Given material |

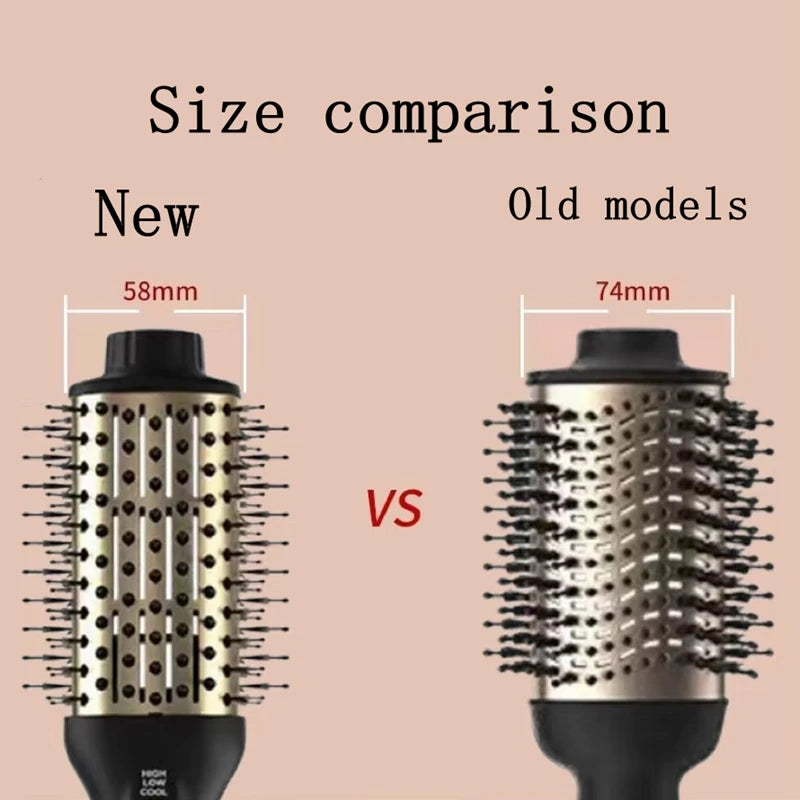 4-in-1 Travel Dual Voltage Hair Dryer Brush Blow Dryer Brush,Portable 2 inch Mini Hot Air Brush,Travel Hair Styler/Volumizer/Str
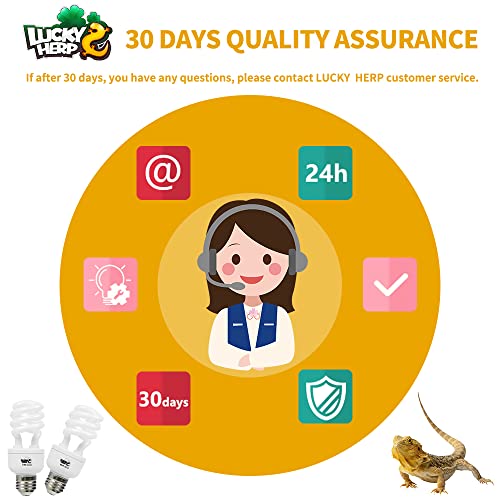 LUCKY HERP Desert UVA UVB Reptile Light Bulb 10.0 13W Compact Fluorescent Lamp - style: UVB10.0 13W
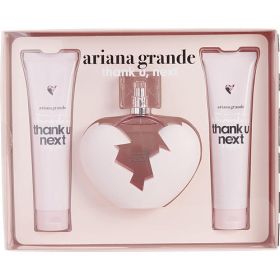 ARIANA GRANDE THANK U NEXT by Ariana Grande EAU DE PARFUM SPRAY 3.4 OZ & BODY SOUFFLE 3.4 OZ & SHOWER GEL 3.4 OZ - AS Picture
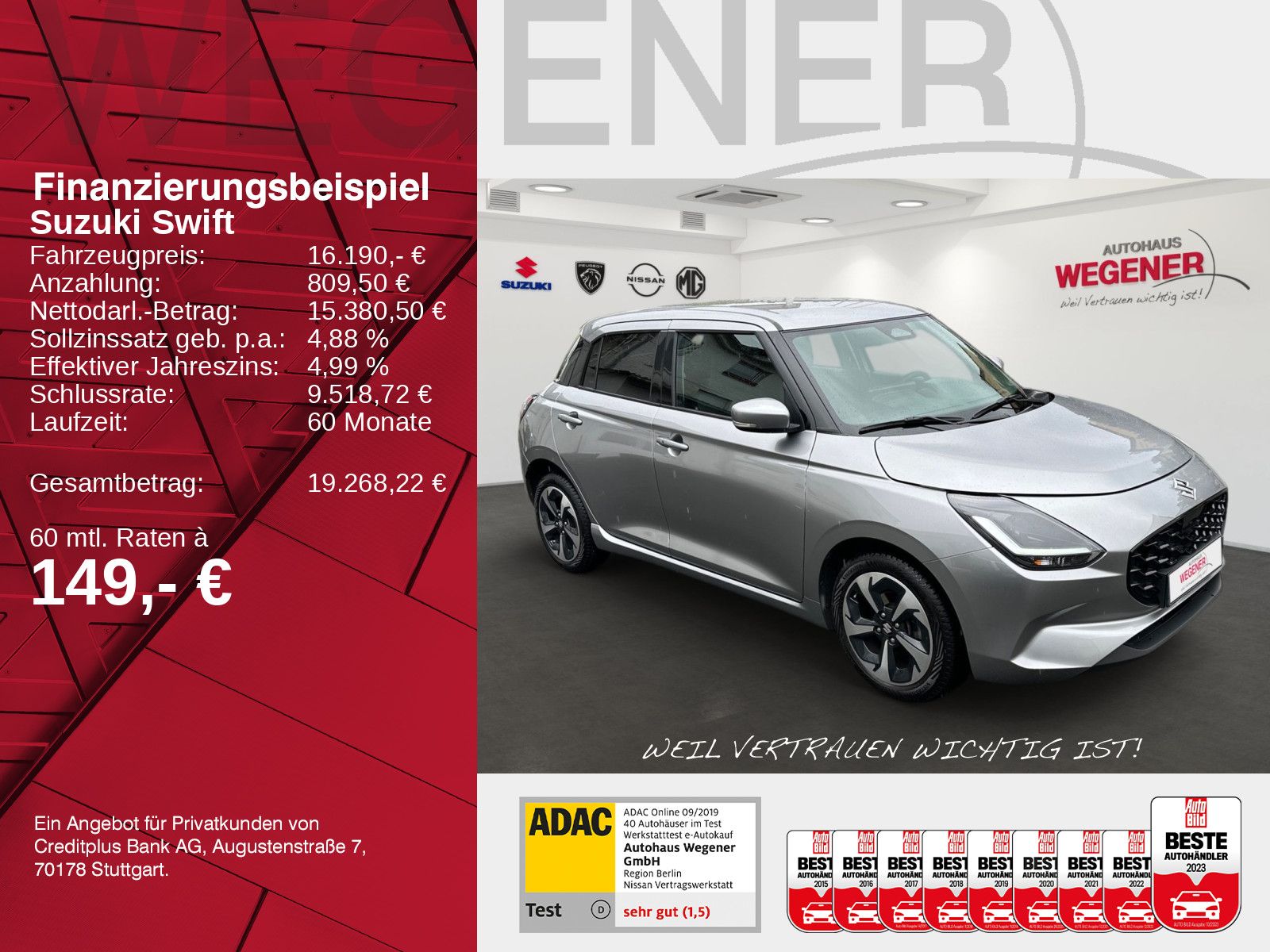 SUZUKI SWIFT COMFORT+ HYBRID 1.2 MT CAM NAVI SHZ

Exercise | Drop the images and copy all the data exactly.

Task response |
 4-in-1 Travel Dual Voltage Hair Dryer Brush Blow Dryer Brush,Portable 2 inch Mini Hot Air Brush,Travel Hair Styler/Volumizer/Str
 LUCKY HERP Desert UVA UVB Reptile Light Bulb 10.0 13W Compact Fluorescent Lamp - style: UVB10.0 13W
 ARIANA GRANDE THANK U NEXT by Ariana Grande EAU DE PARFUM SPRAY 3.4 OZ & BODY SOUFFLE 3.4 OZ & SHOWER GEL 3.4 OZ - AS Picture
 SUZUKI SWIFT COMFORT+ HYBRID 1.2 MT CAM NAVI SHZ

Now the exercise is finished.